Let's see... my copy was on sale from the Audible service (my reviews are sometimes harsher, when I pay for reading), and narrated by Nathan Fillion (bonus!) I had no text back-up.
Welcome to the future, where humankind and their adopted AI children have spread among the stars for generations, sometimes first as robotic explorers, then as frozen humans and durable androids, and even as human consciousnesses relayed electronically from outpost to outpost.
Our narrator turns out to be such a consciousness, sent to a far outpost, assigned three local (novice) salvage workers and surplus equipment, and sent to Urmahon Beta to recover a long-abandoned crash site.
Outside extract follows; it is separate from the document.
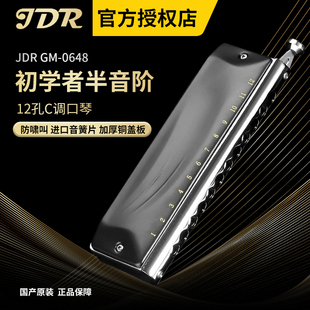 JDR嘉德瑞半音阶口琴专业演奏12孔c调GM-0648初学者学生入门练习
So we spend a portion of the book on some good-old planet-conquering humanity-against-the-universe hard SF. Almost. It seems that our human-in-robot-body overseer, "OC", may not have a first-string crew. Nor first string equipment. Nor reliable support from Ship, their transport in orbit. Nor, if we read between the lines, may OC himself/herself be a fully-integrated personality any longer. Things, in otherwords, are not destined to go well in a crisis.
The crisis presents itself, as crises will. Unanticipated megafauna appear, a rival salvage company appears to be encroaching on OC's area, and Simon develops a mysterious illness.
The hard science steps back a bit (in a good way), but any more would be spoiler-ish. So let's look at some technical issues
== Loved the plot, the pace of plot reveals, the theme, the hard and soft science discussions, and the universe building. It all fit together at least to me, in a pretty clean way.
== Liked-to-loved the "global"nature of characters, planet names, mythologies.
== Audio Is Hard (I). I don't know if I had a bad recording, or if it was t-e writing style, but it felt like there were a number of broken thoughts from OC, where the narrator stopped. Paused. And paused a beat longer. Before continuing.
== Audio Is Hard (II). I missed a few points from "lack of desire to rewind".
== Audio Is Hard (III). It was occasionally hard determine the distinction between various voices, or between prose and poetry, with the narrator. (would have been easier to eye-read.)
== Audio Is Hard (IV). No, not really, but I unconsciously lean toward being manist and heteronormative, and I'm confused by Nathan Fillion voicing an entity of never-specified gender named Amber Rose busy describing a close friendship with a similar entity named Hyacinth...
== Possession, zombies, and nastiness: more than I enjoyed.
Go for it, grab a copy. More fun than Heinline, more creative than Niven, and a broad feel for what it means to be human, and more.